■ **Task goal**: Take the records below from their first line through the line holding "A bedroom with", and set each of those lines down exactly, without pictures.

*** Begin section ***

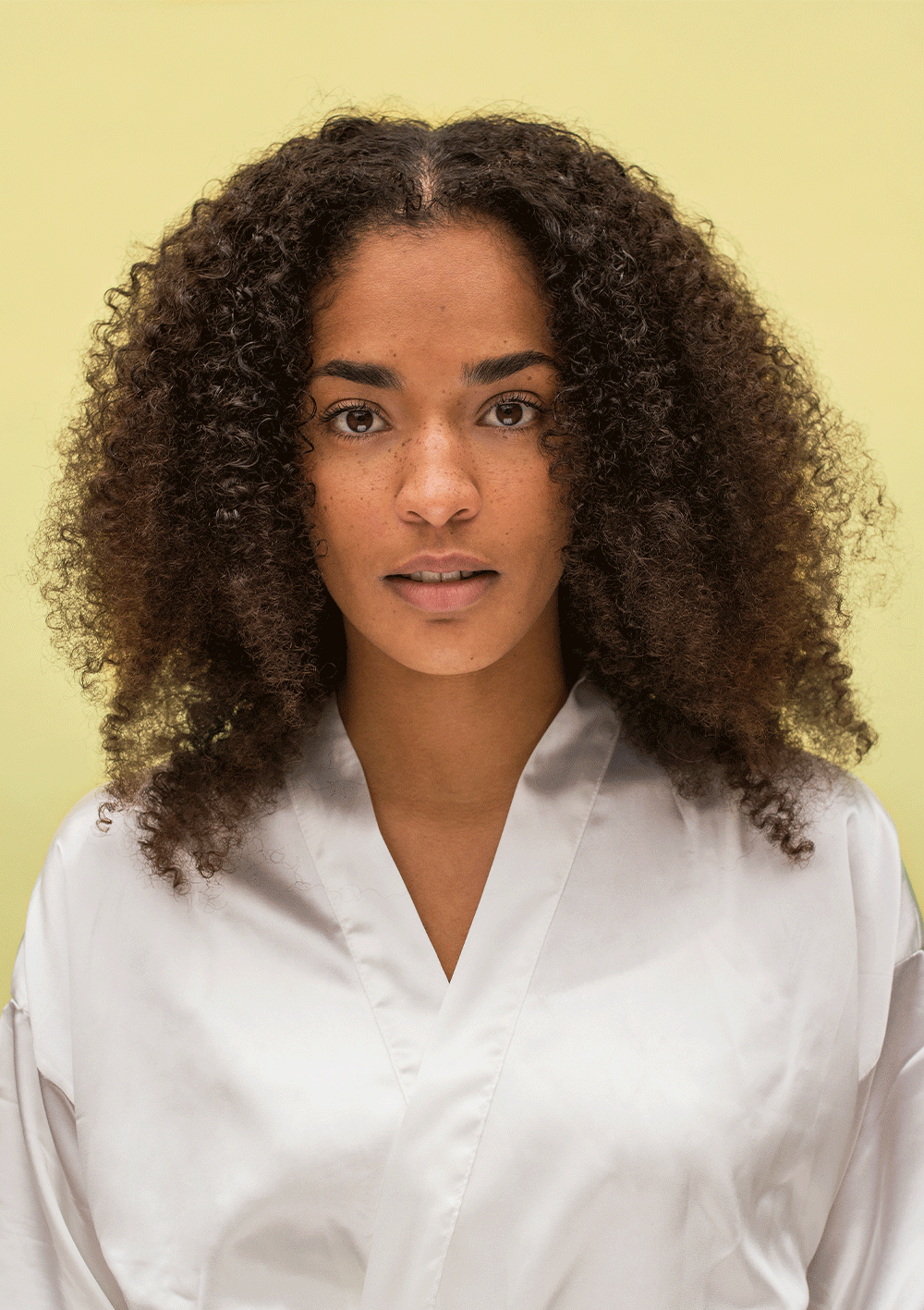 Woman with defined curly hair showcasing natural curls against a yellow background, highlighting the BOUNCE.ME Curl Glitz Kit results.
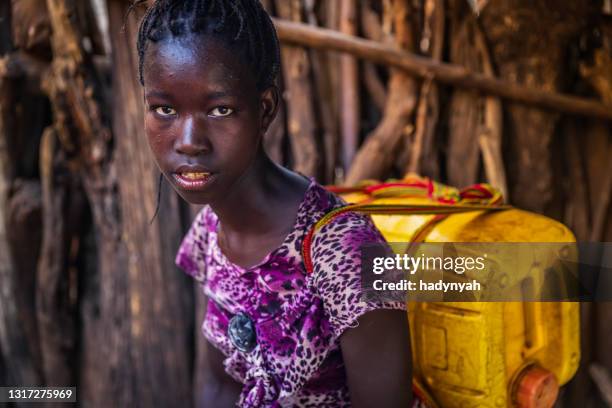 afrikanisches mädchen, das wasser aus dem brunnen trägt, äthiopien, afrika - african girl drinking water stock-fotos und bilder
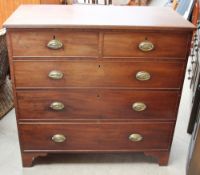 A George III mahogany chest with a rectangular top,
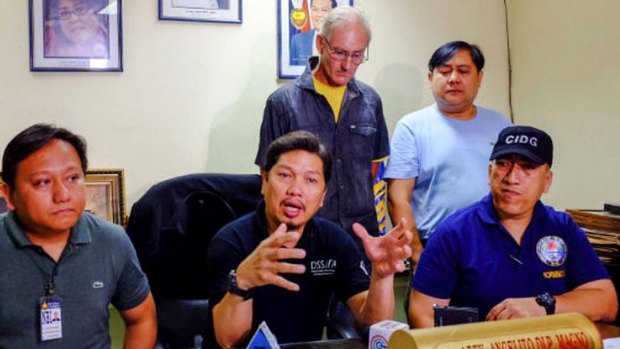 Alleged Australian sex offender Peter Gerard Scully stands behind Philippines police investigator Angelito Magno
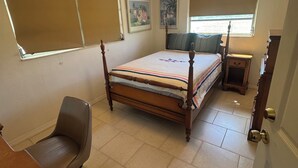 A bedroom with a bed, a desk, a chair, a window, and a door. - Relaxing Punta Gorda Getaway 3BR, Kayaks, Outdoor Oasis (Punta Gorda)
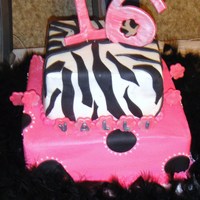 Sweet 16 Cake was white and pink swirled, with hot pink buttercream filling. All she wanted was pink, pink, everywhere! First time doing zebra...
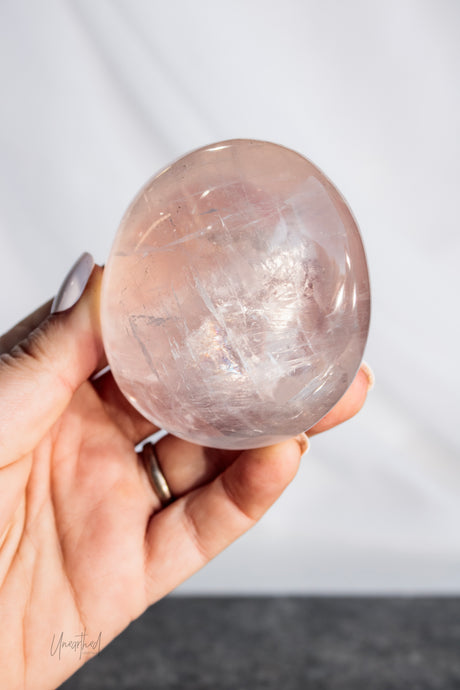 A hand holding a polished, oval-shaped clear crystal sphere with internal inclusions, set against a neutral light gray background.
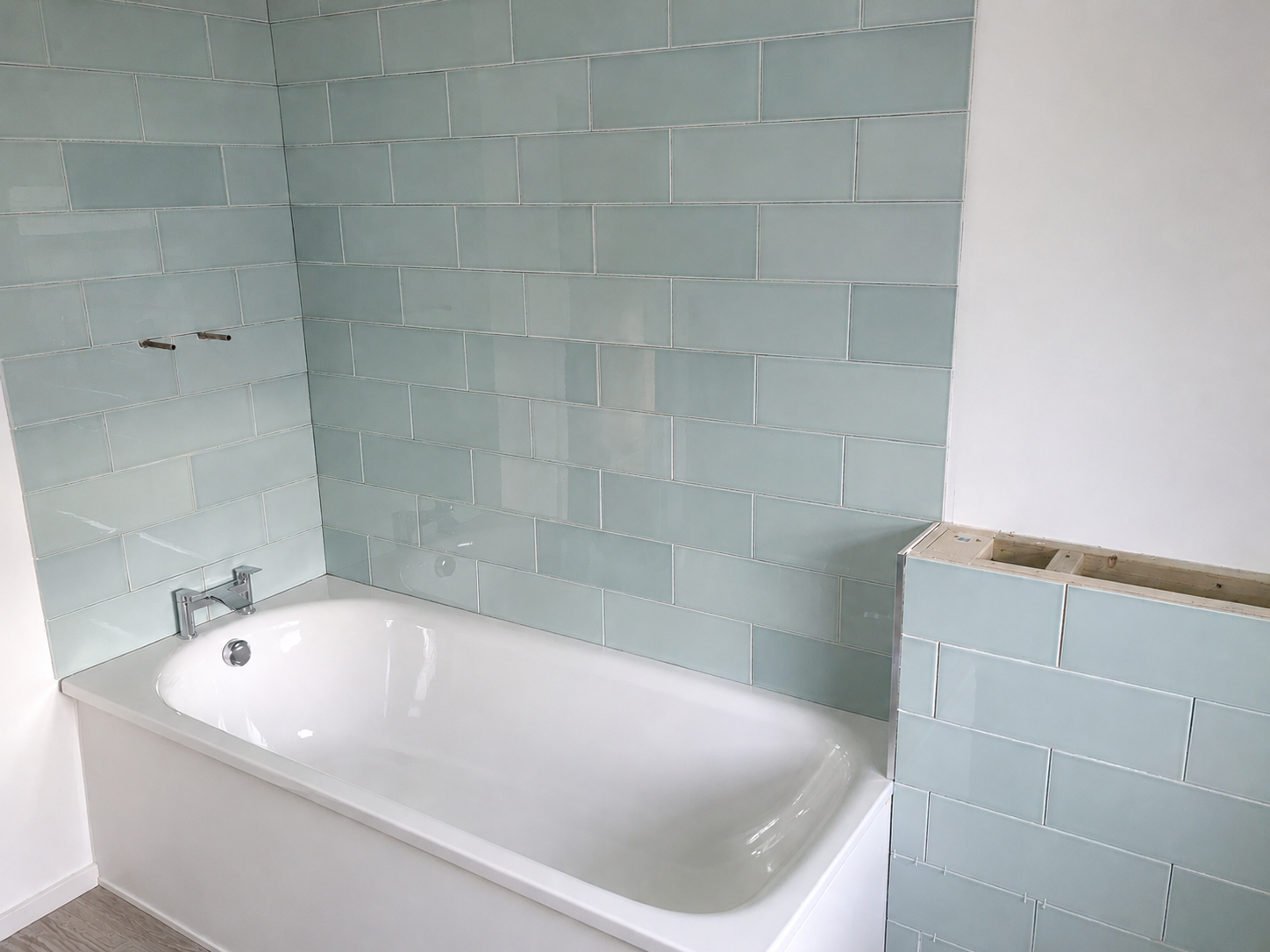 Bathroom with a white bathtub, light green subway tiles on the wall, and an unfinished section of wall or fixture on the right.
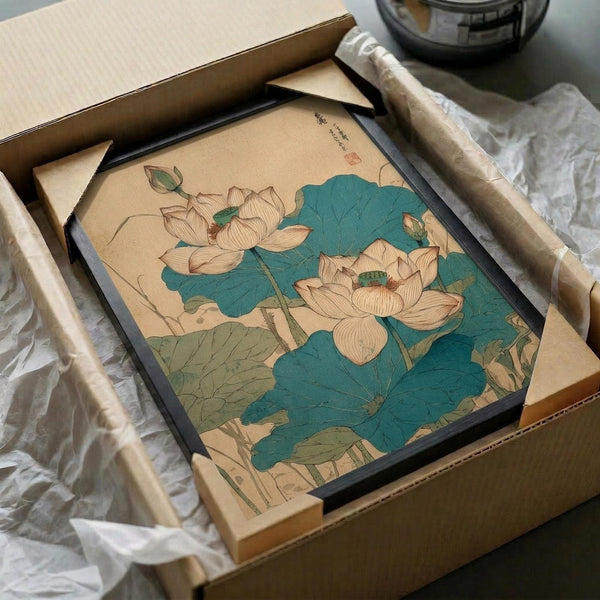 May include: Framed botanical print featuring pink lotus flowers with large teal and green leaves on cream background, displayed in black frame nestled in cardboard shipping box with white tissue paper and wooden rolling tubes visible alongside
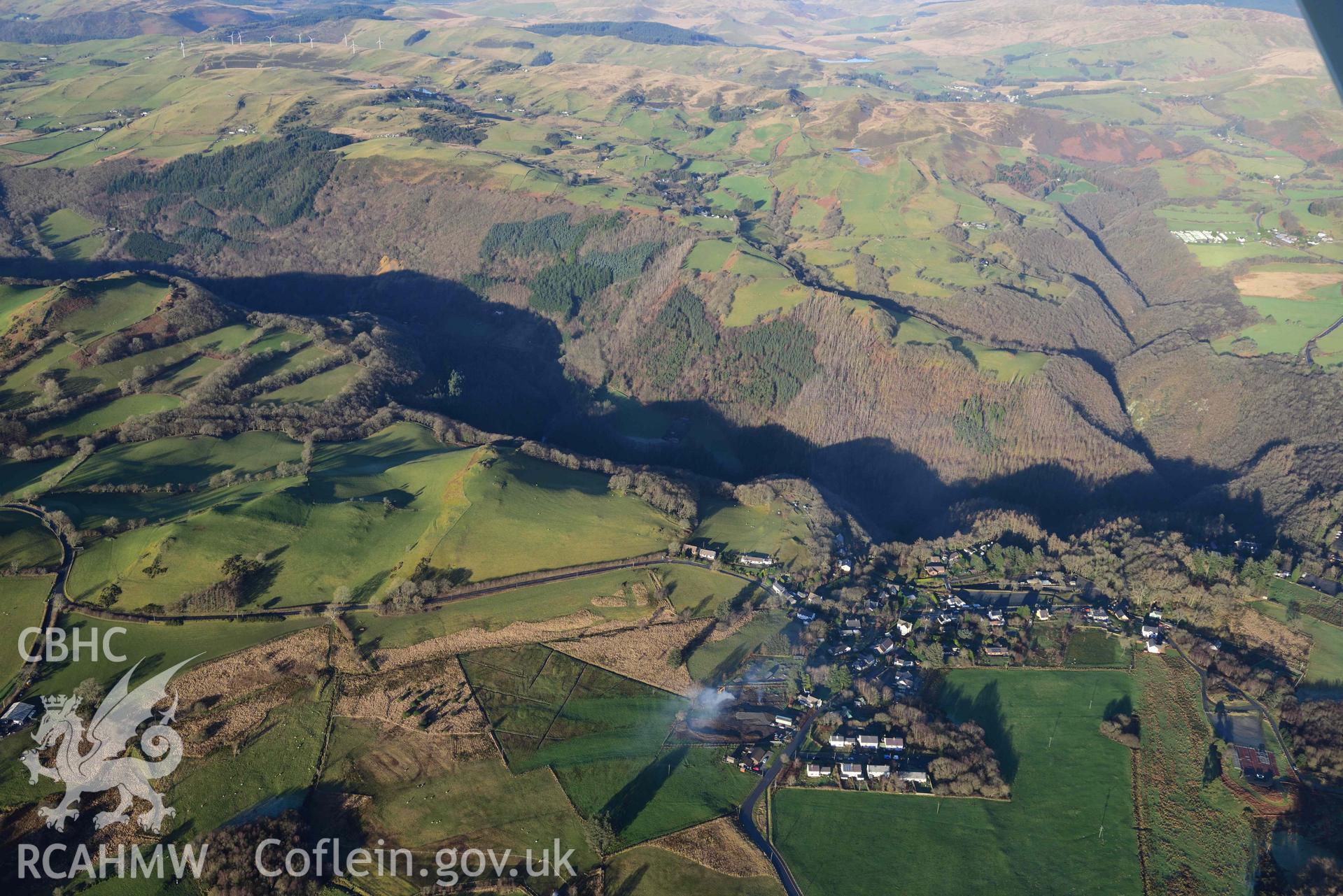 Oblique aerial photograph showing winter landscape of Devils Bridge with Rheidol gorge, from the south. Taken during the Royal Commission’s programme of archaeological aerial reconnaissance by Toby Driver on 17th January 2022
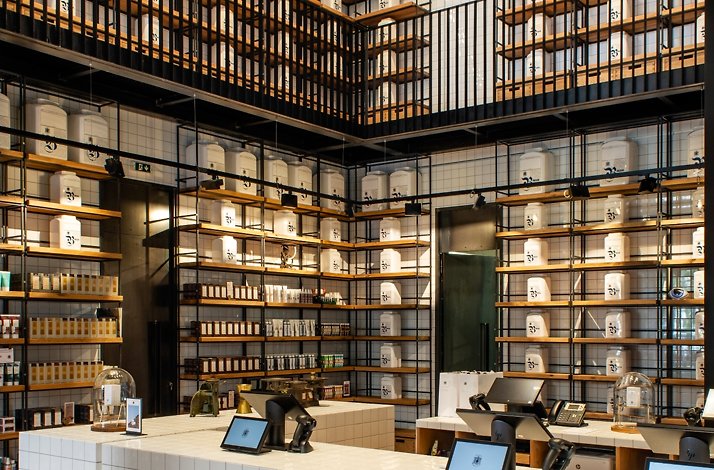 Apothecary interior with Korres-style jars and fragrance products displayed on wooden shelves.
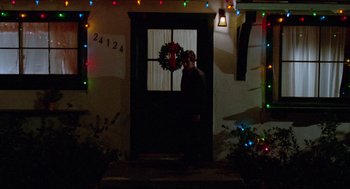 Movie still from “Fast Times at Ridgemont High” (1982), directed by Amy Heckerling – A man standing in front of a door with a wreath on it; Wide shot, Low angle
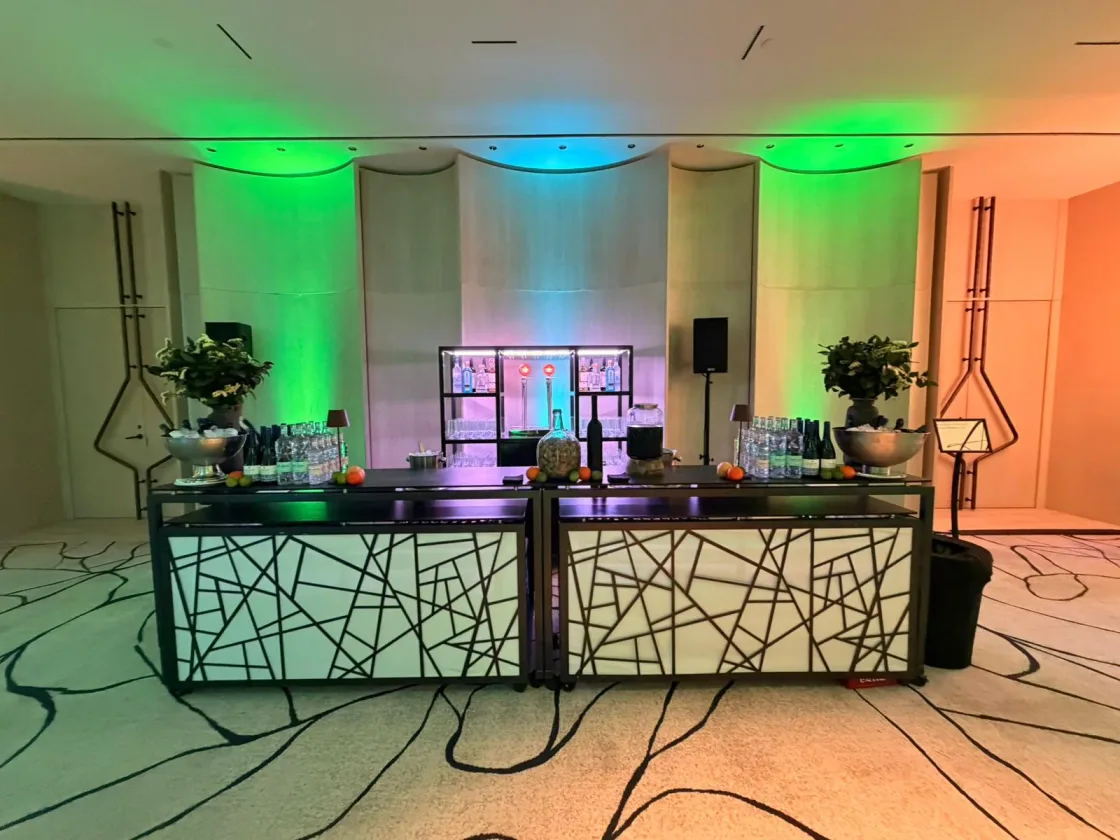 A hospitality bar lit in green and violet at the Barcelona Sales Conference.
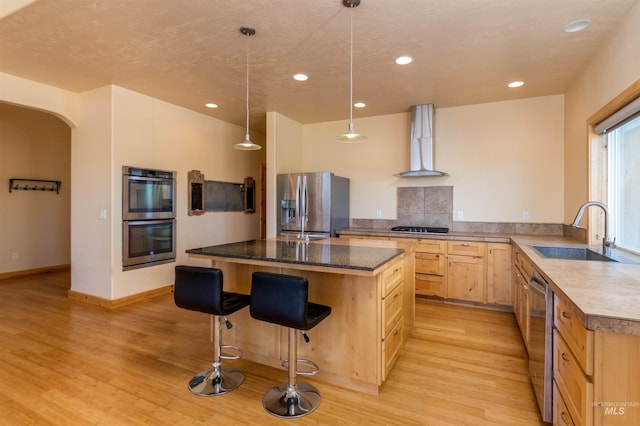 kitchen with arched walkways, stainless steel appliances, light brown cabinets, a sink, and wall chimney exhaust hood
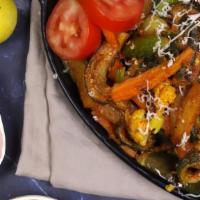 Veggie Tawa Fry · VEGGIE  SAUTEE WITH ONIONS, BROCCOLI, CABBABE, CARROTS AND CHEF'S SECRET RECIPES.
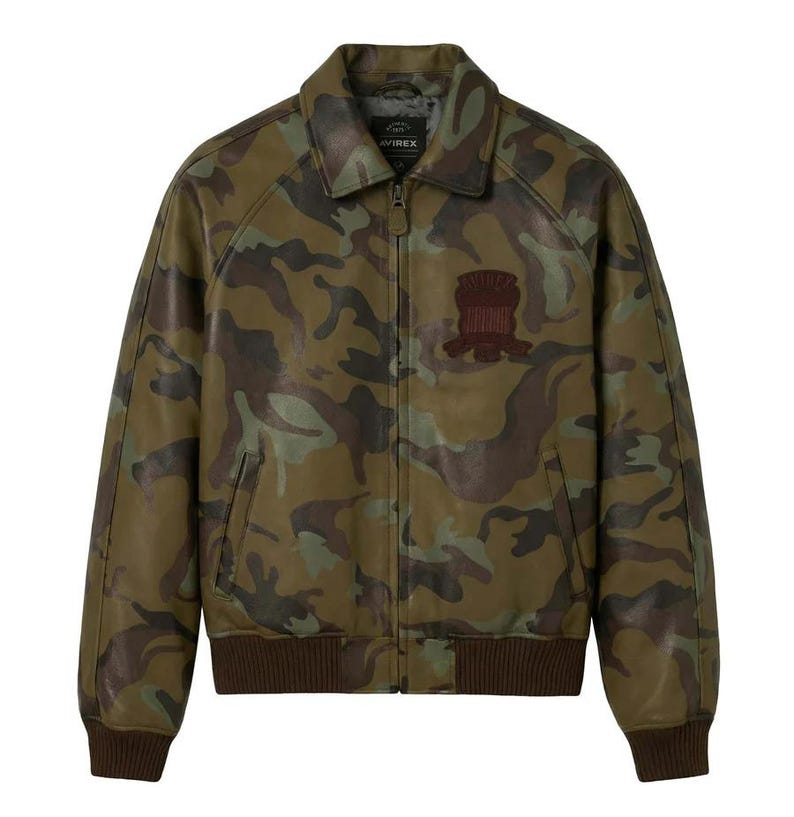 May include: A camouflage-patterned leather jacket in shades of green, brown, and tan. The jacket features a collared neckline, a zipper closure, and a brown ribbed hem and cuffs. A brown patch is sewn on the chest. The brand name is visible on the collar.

*** End section ***

■ **Written response**:
 Woman with defined curly hair showcasing natural curls against a yellow background, highlighting the BOUNCE.ME Curl Glitz Kit results.
 afrikanisches mädchen, das wasser aus dem brunnen trägt, äthiopien, afrika - african girl drinking water stock-fotos und bilder
 A George III mahogany chest with a rectangular top,
 Alleged Australian sex offender Peter Gerard Scully stands behind Philippines police investigator Angelito Magno
 A bedroom with a bed, a desk, a chair, a window, and a door. - Relaxing Punta Gorda Getaway 3BR, Kayaks, Outdoor Oasis (Punta Gorda)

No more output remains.